Sketching a language for Web Programming (Part II)
This is the second episode of my ramblings about web programming I started here.
Previously, I sketched a sort of graphical language to define user interfaces and their dynamics. The work is inspired by Milner’s bigraphs [1] and the final goal is to come up with an operational semantics in the style of signal flow graphs [2] or a new web framework or both.
Here, I want to jot down some notes about composition.
In this post I will introduce new concepts. I ask to forgive me in advance if my treatment is still quite vague and inaccurate. The aim of these notes is to refine my own intuition before working on a more formal approach.
Components
A component $F$ is a “data structure” with a type $A \to B$. The type $A \to B$ consists of two other types $A$ and $B$. Think about types as interfaces that help us to compose components together.
If you know a bit of Category Theory, you should see that a component is a morphism. What is a morphism? First, it is not a function. Not necessarily at least. A morphism is like a Lego brick. A Lego brick is a shape with two interfaces (bottom side and top side). Interfaces can have different types $2 \times 4$-bottom or $2 \times 4$-top (e.g. the brick sizes). We can put together Lego bricks if their interfaces match. That is all you need to know for now.
As I discussed in my previous post, we can see a web application in two independent ways: a spatial part (dom) and a dynamic part (communication or data dependencies). Hence, it can be represented by two data structures.
The spatial part is represented as a tree. Trees have interfaces we call roots and sites.
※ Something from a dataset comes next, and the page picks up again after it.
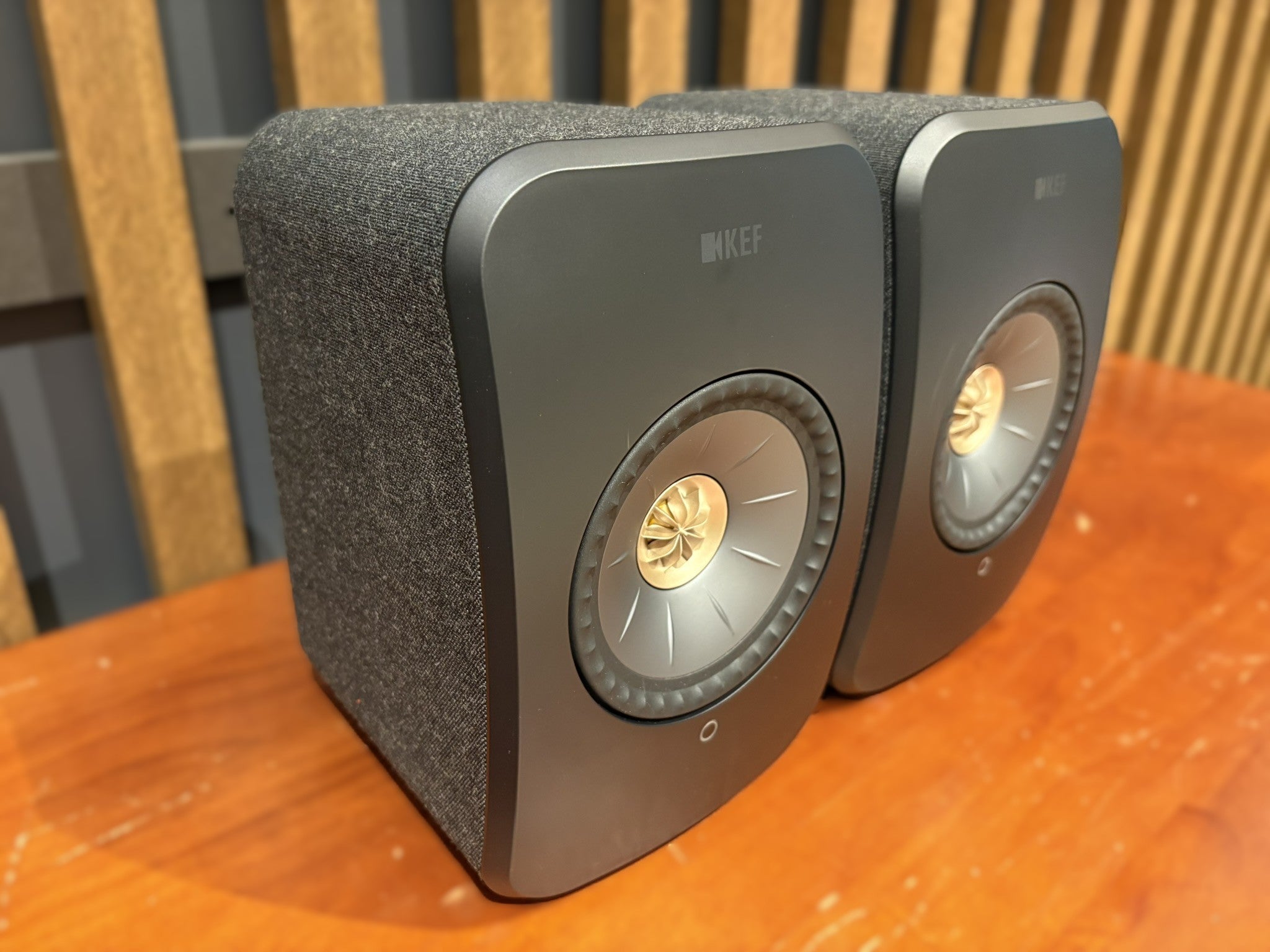 KEF LSX II Wireless HiFi System (LSX2), Carbon Black - As Traded
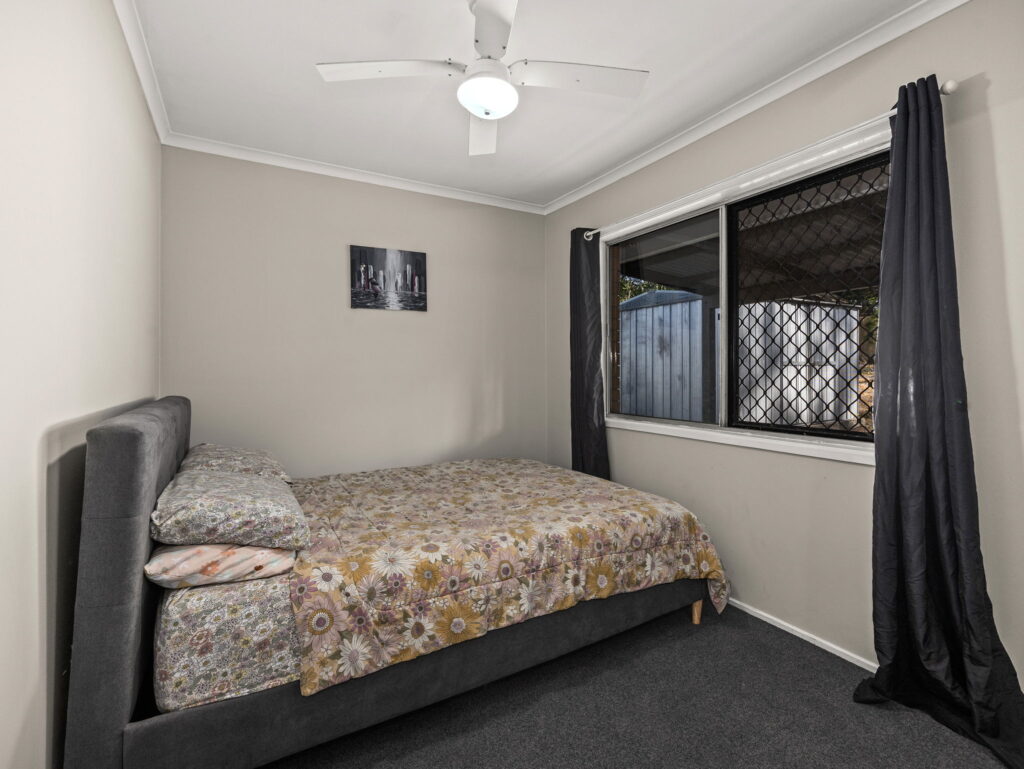 House-R2-4990808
Intuitively, we can compose two trees plugging roots into sites.
In React components have only one root (i.e. the output of the render
function), but it is convenient to define components as a collection of trees, each with its own root. Sites are similar to the concept of slot
in Vue or even children
prop in React. So we are not inventing anything new.
The dynamic part connects dom elements to states and defines a sort of dependency graph. When a state changes, we expect some updates in UI elements. React and Vue implement inter-component communication using the Flux pattern or, in general, the programmer defines the mechanism behind state change. Here, we do not want to say how state changes, but what changes. It could be closer to MobX or transparent reactivity in Meteor.
So, more precisely, a component $F$ has type $(n, X) \to (m, Y)$ where $n, m \in \mathbb{N}$ and $X, Y$ are finite sets of names. Intuitively, $F$ is a piece of user interface with $n$ sites and $m$ roots. It has an outer interface $Y$ and an inner interface $X$. Definitions and terminology are from bigraphs, as usual.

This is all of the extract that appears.